What the exercise asks
Look below for the line that contains "Birmingham Lever with", then copy it and each following line exactly, through and including the line that contains "NEW Double knob".

Data in this exercise
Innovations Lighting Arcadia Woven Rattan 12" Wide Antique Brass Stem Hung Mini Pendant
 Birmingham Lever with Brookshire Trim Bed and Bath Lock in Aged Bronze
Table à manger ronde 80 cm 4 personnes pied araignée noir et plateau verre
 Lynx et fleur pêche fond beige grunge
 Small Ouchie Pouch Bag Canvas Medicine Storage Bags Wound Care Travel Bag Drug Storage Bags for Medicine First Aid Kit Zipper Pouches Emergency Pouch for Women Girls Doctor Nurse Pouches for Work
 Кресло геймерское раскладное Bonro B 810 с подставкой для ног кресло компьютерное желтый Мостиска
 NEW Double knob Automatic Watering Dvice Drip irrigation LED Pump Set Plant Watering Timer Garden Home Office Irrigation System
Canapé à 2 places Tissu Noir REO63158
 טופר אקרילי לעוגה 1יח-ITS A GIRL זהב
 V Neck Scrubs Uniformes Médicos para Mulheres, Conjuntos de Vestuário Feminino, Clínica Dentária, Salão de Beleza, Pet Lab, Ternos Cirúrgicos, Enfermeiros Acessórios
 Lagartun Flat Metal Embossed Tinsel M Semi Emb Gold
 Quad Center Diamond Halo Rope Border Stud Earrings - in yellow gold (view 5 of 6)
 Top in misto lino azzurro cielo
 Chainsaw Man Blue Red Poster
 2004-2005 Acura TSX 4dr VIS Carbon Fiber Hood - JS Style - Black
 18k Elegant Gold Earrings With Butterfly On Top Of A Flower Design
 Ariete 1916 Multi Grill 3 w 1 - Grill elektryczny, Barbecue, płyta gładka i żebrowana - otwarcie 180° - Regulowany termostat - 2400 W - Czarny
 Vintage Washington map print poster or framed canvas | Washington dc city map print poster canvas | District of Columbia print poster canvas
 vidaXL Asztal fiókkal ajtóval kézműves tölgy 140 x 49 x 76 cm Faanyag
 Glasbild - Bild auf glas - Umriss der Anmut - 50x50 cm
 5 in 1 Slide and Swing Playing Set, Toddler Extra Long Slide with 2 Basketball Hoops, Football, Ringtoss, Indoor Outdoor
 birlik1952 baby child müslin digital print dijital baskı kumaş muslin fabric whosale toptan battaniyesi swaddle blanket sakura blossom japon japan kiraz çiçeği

Your response
 Birmingham Lever with Brookshire Trim Bed and Bath Lock in Aged Bronze
Table à manger ronde 80 cm 4 personnes pied araignée noir et plateau verre
 Lynx et fleur pêche fond beige grunge
 Small Ouchie Pouch Bag Canvas Medicine Storage Bags Wound Care Travel Bag Drug Storage Bags for Medicine First Aid Kit Zipper Pouches Emergency Pouch for Women Girls Doctor Nurse Pouches for Work
 Кресло геймерское раскладное Bonro B 810 с подставкой для ног кресло компьютерное желтый Мостиска
 NEW Double knob Automatic Watering Dvice Drip irrigation LED Pump Set Plant Watering Timer Garden Home Office Irrigation System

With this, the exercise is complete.